▸ What you have to do: When you reach the line that contains "Gale Propiedades &", begin copying exactly, and continue through the last line of the data; no pictures belong in the copy.

= = = = = = =

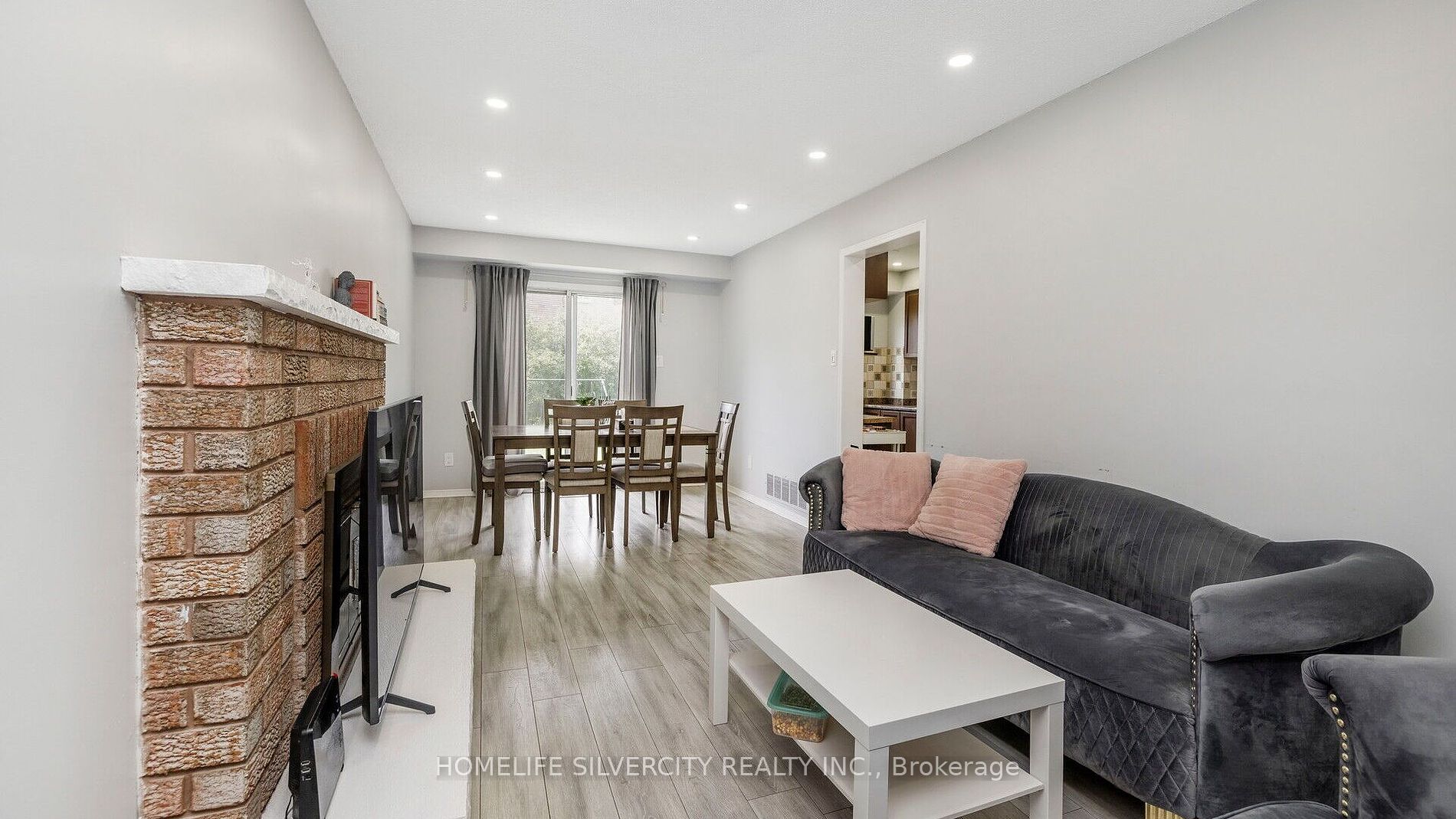 60 Dutch Cres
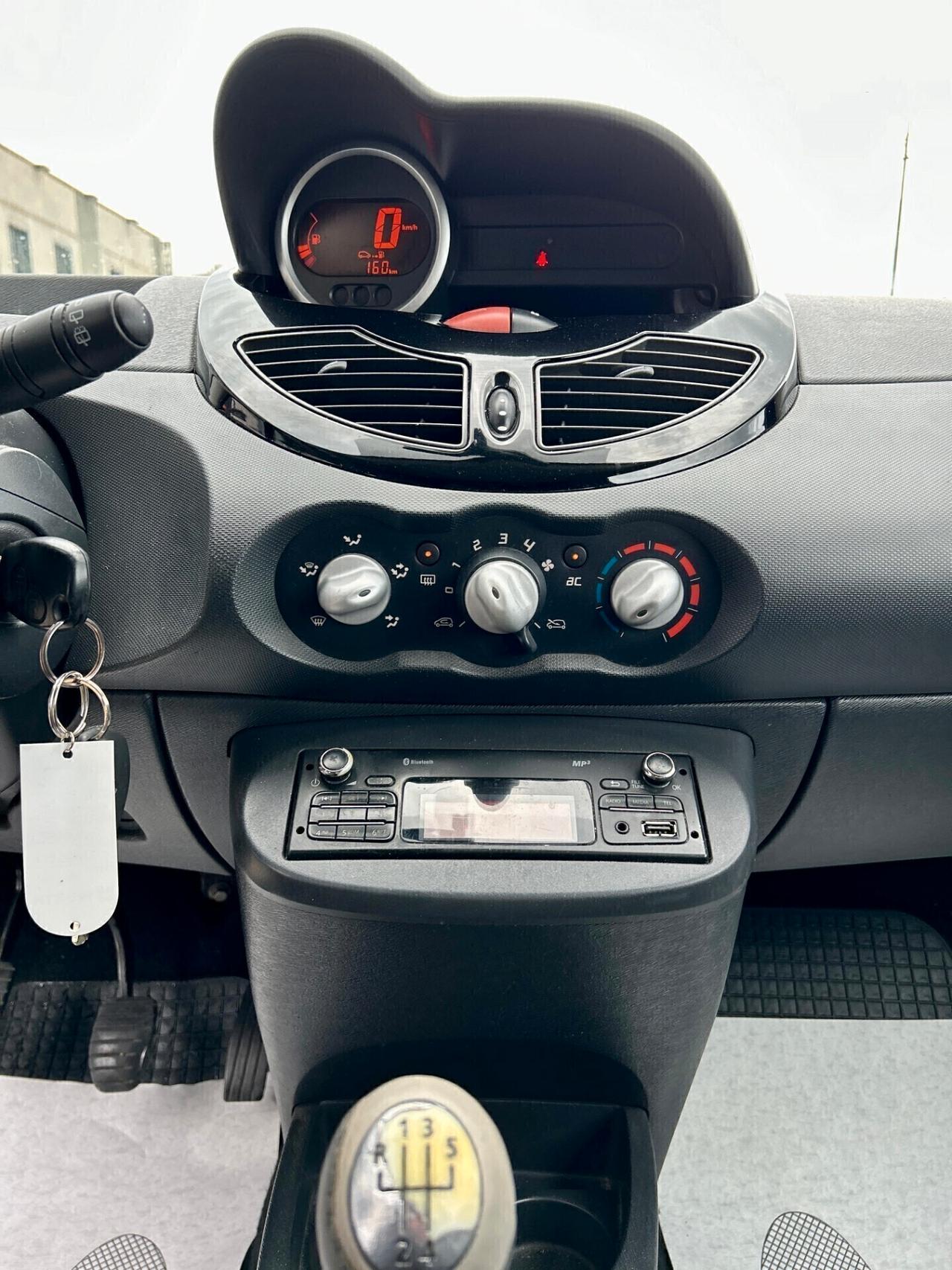 Renault Twingo 1.2 16V Night&Day - OK NEOPATENTATO
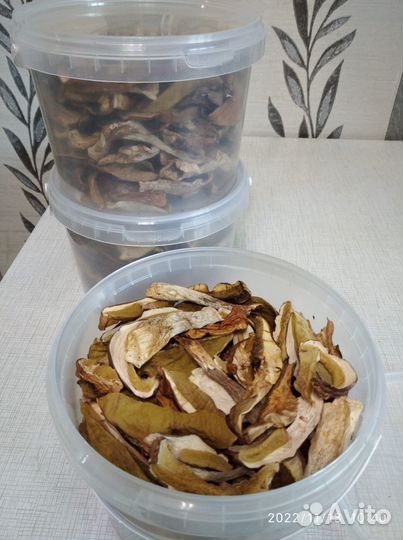 Белый груздь, белый гриб сушёный, маринованный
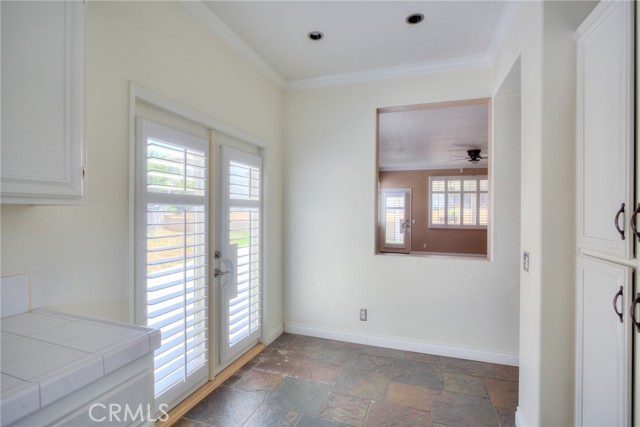 6052 Kohlberry Court, Riverside CA: https://media.crmls.org/medias/878eea84-7b07-44d9-8e91-5cbd5b6ec206.jpg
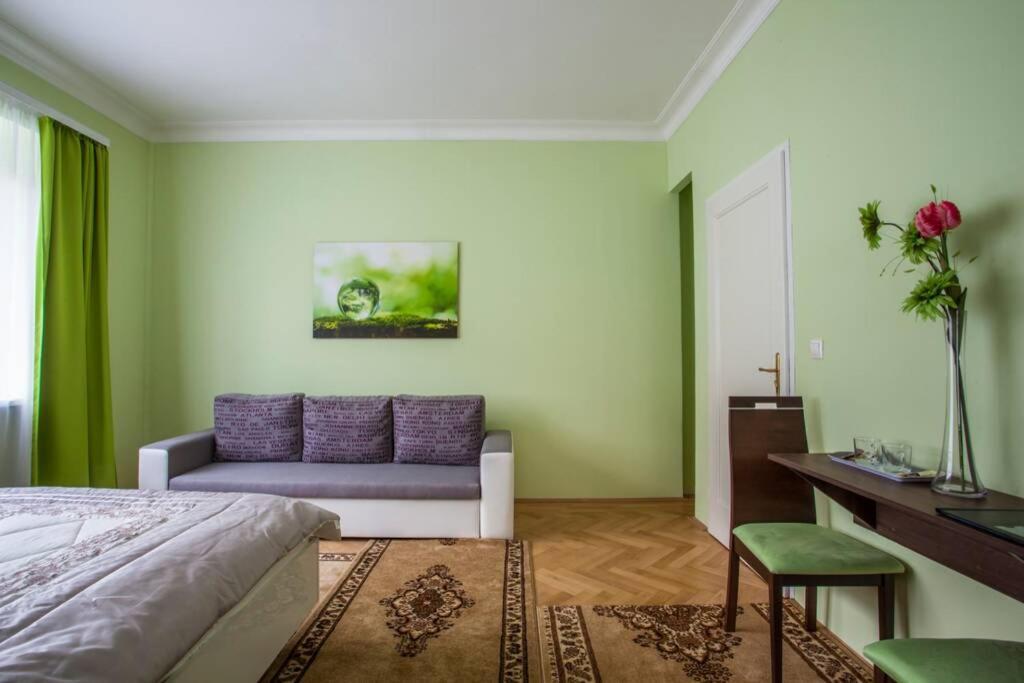 Luxury Air-Conditioned Family Apartment Spitalska Old Town บราติสลาวา ภายนอก รูปภาพ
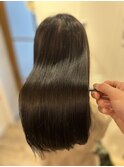 艶髪ナチュラルストレートヘア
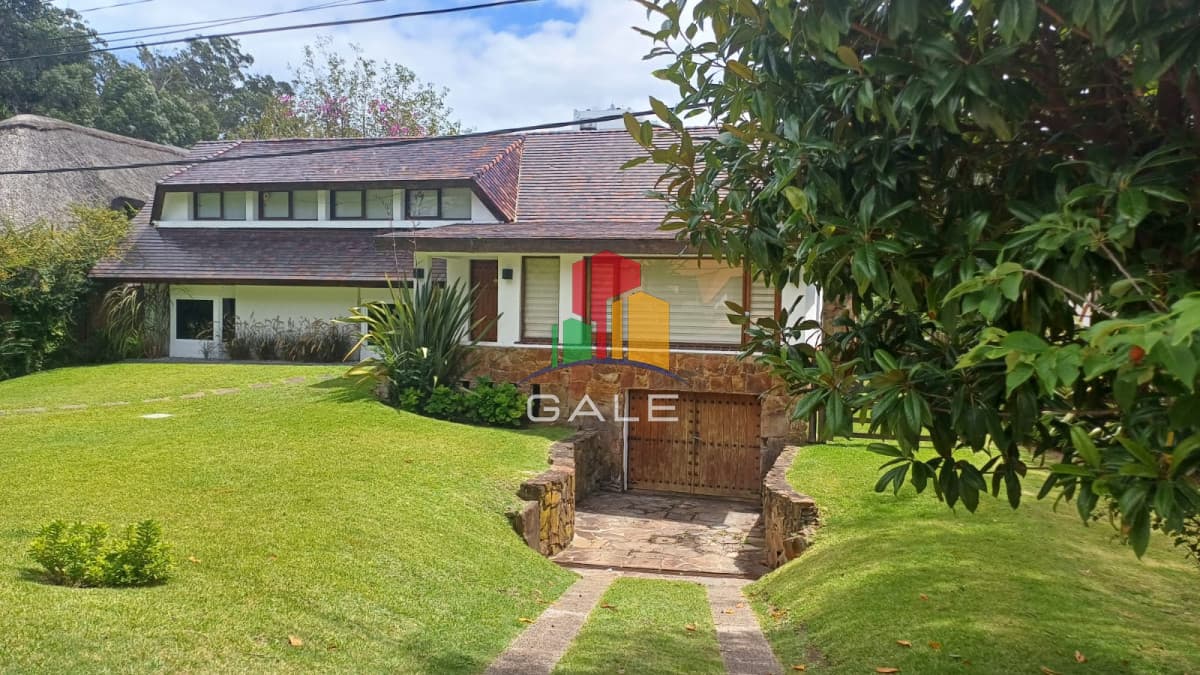 Gale Propiedades & Escribanía Casa ID.3733 - Vende gran casa para vivir todo el año, de 3 dormitorios en Punta del Este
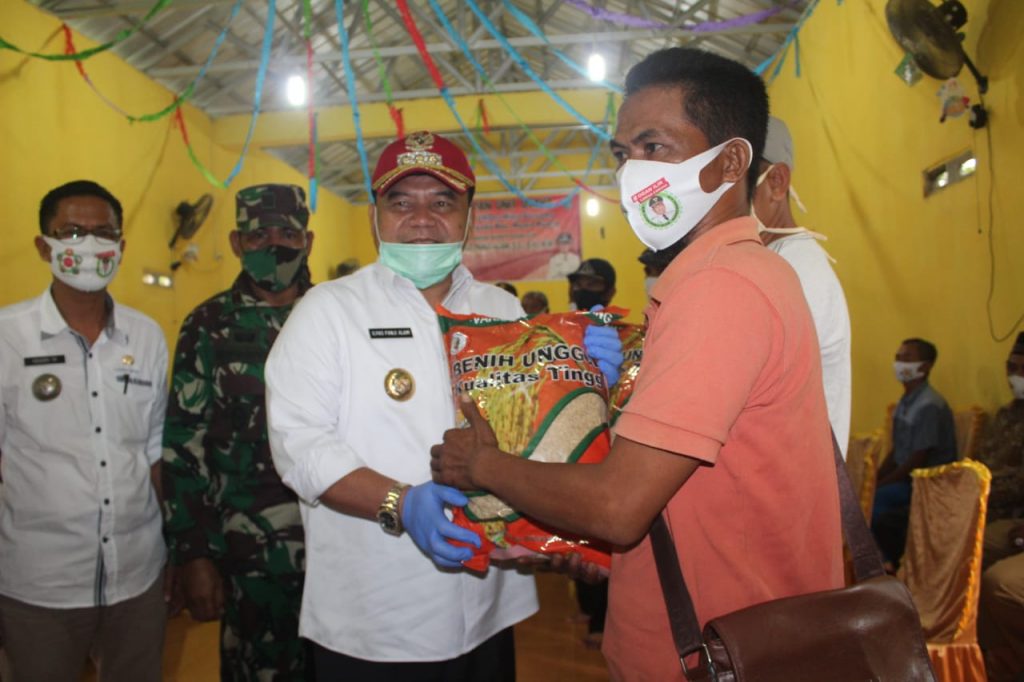 e1-1024x682 Gagal Tanam, Bupati OI Serahkan Bantuan Bibit Padi 5 Ton dan Alat Printek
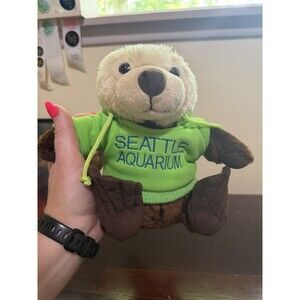 Seattle Aquarium Sea Otter Souvenir The Petting Zoo Plush In Green Hoodie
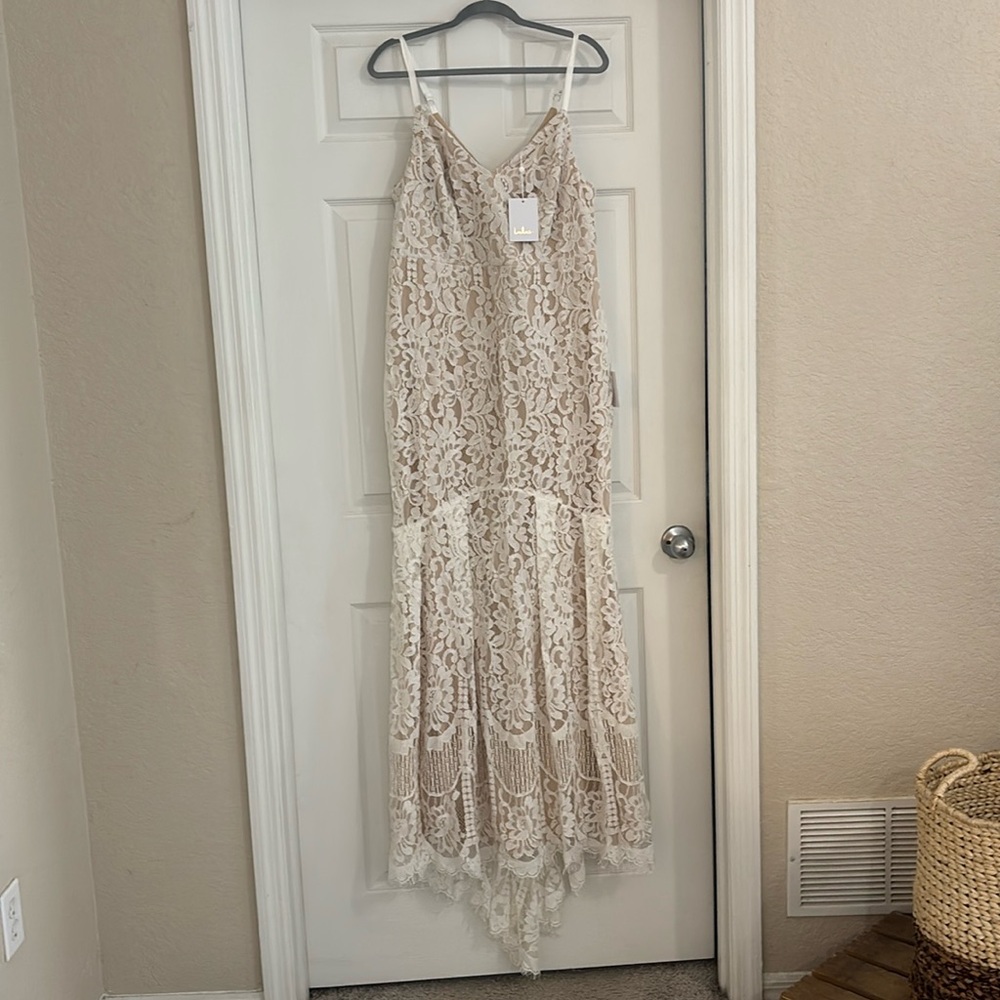 Lulus Wedding Dress Flynn Lace- Never Worn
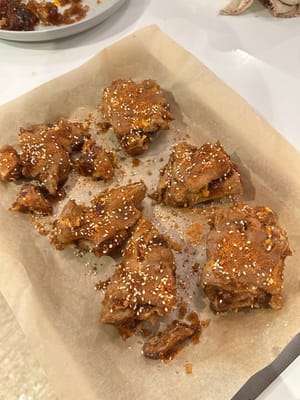 在烤盘上，将调味料均匀地涂抹在猪蹄上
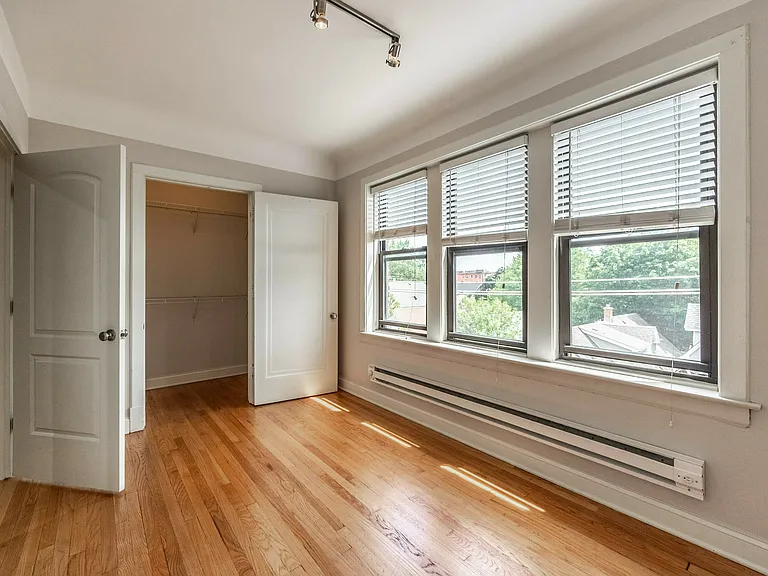 2341 N Rockwell St #2 — Photo 2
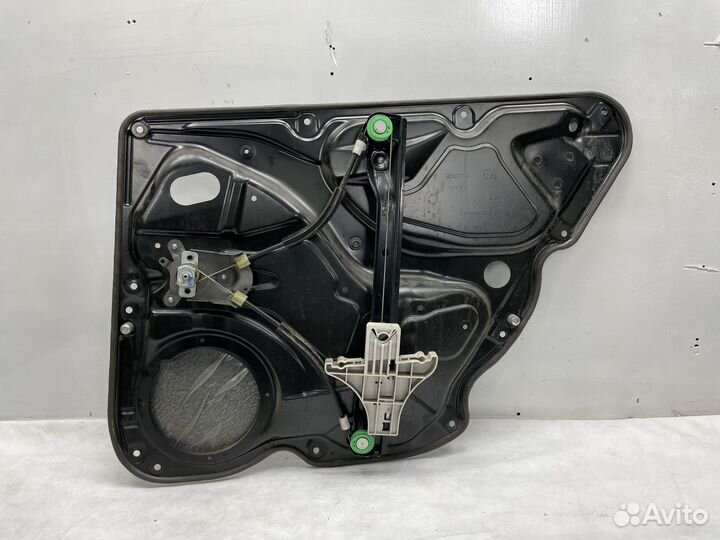 Стеклоподъемник механ. задний /левый VW Passat B6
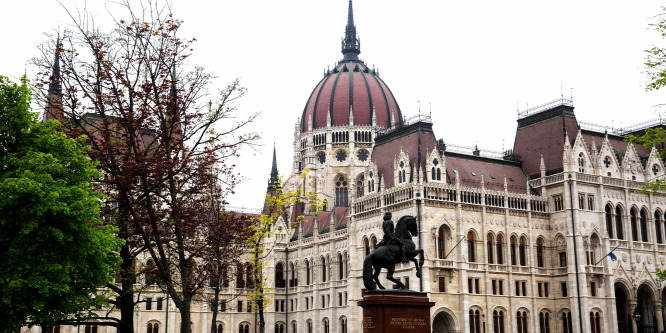Az Országgyűlés előtt a jövő évi óriási adócsökkentési csomag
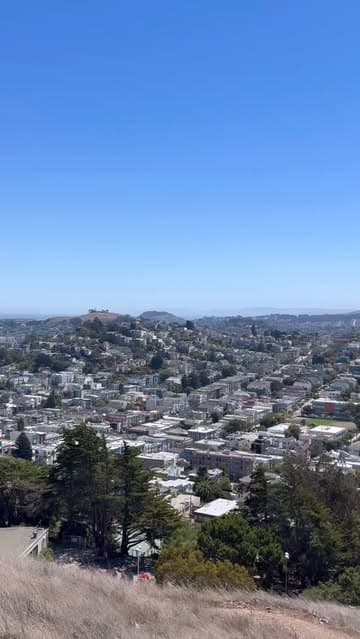 @karlthefog's Instagram post posted on date 8/9/2025 which generated 15461 likes and 147 comments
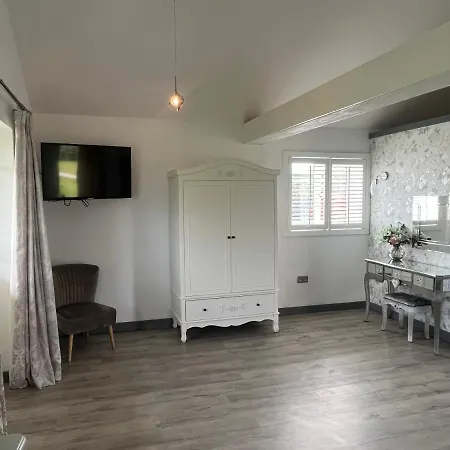 The Crown Lodges-2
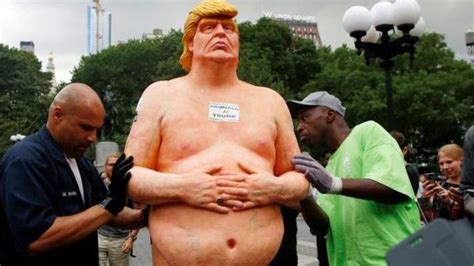 Patung Telanjang Donald Trump Menghibur Pengguna Jalan Di As Bbc News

= = = = = = =

▸ Exercise output:
 Gale Propiedades & Escribanía Casa ID.3733 - Vende gran casa para vivir todo el año, de 3 dormitorios en Punta del Este
 e1-1024x682 Gagal Tanam, Bupati OI Serahkan Bantuan Bibit Padi 5 Ton dan Alat Printek
 Seattle Aquarium Sea Otter Souvenir The Petting Zoo Plush In Green Hoodie
 Lulus Wedding Dress Flynn Lace- Never Worn
 在烤盘上，将调味料均匀地涂抹在猪蹄上
 2341 N Rockwell St #2 — Photo 2
 Стеклоподъемник механ. задний /левый VW Passat B6
Az Országgyűlés előtt a jövő évi óriási adócsökkentési csomag
 @karlthefog's Instagram post posted on date 8/9/2025 which generated 15461 likes and 147 comments
 The Crown Lodges-2
 Patung Telanjang Donald Trump Menghibur Pengguna Jalan Di As Bbc News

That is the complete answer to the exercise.